Given the records below, would you repeat exactly the lines that begin at the one containing "Fish caught on Fishbrain" and end at the one containing "Adorable chat britannique", inclusive?
▬▬▬▬▬▬▬▬▬▬
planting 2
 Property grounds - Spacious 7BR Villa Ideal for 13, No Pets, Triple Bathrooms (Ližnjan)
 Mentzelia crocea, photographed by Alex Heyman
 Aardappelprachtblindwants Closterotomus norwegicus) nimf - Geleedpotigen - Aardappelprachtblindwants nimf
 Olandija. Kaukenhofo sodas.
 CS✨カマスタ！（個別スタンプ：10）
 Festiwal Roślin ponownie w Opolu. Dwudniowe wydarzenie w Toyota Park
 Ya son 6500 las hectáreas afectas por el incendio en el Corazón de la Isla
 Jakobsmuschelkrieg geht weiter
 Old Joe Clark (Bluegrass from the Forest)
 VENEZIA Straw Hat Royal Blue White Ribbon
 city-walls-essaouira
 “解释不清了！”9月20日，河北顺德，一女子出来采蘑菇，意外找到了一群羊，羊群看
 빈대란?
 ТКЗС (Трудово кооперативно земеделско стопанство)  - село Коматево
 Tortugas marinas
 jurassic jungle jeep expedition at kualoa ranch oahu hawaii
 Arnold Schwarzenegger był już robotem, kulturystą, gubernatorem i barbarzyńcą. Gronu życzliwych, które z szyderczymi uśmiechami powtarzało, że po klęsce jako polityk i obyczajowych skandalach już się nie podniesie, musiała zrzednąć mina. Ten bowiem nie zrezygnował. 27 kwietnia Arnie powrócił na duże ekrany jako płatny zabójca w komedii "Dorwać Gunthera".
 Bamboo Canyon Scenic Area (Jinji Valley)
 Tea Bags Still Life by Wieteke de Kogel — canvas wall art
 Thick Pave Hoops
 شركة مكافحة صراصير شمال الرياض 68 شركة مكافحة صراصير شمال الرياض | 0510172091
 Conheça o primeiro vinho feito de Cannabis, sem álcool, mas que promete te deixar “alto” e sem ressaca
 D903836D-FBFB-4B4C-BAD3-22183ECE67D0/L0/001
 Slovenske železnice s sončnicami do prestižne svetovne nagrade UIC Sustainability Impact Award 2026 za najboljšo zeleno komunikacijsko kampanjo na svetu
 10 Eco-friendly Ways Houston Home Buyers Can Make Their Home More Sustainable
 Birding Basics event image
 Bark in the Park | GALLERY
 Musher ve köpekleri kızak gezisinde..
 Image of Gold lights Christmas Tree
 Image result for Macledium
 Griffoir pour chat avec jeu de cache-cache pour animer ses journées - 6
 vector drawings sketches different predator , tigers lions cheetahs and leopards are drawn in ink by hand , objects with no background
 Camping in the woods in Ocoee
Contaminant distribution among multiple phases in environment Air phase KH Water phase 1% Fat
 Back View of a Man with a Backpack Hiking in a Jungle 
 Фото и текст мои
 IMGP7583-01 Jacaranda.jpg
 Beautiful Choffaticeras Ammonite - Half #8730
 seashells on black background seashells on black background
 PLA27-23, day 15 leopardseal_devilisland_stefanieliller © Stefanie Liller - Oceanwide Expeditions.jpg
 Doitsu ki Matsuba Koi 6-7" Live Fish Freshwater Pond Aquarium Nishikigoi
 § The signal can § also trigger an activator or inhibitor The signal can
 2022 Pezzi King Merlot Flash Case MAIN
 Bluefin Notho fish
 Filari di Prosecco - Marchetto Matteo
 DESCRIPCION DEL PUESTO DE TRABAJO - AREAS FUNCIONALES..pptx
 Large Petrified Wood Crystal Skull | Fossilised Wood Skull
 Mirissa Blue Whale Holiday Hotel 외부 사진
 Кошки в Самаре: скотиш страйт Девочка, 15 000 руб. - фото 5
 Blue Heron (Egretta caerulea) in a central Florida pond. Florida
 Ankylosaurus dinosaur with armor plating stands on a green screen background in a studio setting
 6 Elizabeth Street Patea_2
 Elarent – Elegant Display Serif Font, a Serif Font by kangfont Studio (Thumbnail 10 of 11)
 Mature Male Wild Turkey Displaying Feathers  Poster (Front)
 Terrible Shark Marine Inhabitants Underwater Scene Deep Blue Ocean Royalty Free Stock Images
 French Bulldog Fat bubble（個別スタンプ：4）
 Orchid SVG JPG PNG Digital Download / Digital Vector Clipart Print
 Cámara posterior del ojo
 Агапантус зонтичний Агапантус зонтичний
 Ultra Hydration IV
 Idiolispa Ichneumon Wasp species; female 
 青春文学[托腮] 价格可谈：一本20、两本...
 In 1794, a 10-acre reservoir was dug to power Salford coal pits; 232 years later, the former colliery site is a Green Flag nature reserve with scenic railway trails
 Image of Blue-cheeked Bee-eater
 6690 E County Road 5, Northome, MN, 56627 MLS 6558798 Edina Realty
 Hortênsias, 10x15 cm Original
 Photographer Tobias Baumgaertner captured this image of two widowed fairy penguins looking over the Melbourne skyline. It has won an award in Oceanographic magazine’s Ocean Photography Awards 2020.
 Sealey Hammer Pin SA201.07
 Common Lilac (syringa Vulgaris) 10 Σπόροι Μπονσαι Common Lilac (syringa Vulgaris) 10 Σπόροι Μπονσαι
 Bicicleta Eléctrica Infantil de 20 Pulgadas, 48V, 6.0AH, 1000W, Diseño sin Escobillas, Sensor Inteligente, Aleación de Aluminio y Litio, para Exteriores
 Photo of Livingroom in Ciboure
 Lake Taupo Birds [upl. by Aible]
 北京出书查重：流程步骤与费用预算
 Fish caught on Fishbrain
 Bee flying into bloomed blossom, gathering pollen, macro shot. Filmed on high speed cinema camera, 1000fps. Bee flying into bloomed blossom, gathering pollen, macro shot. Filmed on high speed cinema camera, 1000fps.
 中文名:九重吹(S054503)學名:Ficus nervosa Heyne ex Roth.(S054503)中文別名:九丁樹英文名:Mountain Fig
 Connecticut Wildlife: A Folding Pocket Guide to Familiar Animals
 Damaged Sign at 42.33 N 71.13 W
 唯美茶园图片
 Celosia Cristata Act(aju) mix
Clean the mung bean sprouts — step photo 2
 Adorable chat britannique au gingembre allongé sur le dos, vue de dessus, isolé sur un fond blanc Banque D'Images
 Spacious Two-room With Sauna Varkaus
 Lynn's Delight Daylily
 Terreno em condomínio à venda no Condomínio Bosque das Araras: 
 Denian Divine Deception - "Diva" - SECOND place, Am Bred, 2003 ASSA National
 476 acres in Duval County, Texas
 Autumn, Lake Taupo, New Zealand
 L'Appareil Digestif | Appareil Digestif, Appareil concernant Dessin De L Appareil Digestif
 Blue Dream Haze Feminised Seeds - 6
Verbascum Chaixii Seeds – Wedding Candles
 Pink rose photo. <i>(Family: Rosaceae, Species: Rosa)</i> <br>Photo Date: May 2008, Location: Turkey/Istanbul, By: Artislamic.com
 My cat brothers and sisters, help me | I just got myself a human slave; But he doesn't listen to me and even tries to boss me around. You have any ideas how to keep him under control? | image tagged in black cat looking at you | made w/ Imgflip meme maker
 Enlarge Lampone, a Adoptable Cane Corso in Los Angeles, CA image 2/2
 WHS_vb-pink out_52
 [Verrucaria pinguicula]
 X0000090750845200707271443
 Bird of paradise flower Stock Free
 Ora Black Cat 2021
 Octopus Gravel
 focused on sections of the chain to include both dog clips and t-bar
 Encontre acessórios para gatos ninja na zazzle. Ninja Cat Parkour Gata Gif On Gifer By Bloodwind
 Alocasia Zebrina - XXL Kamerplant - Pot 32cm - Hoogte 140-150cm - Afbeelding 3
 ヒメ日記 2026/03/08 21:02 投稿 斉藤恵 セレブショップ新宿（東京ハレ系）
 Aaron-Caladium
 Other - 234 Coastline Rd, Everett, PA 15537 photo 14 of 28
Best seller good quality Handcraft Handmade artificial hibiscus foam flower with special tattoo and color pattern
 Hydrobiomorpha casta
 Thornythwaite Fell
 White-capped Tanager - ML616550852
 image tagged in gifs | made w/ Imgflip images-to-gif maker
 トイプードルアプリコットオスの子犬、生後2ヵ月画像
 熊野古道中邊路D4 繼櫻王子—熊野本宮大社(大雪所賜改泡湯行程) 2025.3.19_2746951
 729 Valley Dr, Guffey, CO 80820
▬▬▬▬▬▬▬▬▬▬
**ANSWER SECTION**
 Fish caught on Fishbrain
 Bee flying into bloomed blossom, gathering pollen, macro shot. Filmed on high speed cinema camera, 1000fps. Bee flying into bloomed blossom, gathering pollen, macro shot. Filmed on high speed cinema camera, 1000fps.
 中文名:九重吹(S054503)學名:Ficus nervosa Heyne ex Roth.(S054503)中文別名:九丁樹英文名:Mountain Fig
 Connecticut Wildlife: A Folding Pocket Guide to Familiar Animals
 Damaged Sign at 42.33 N 71.13 W
 唯美茶园图片
 Celosia Cristata Act(aju) mix
Clean the mung bean sprouts — step photo 2
 Adorable chat britannique au gingembre allongé sur le dos, vue de dessus, isolé sur un fond blanc Banque D'Images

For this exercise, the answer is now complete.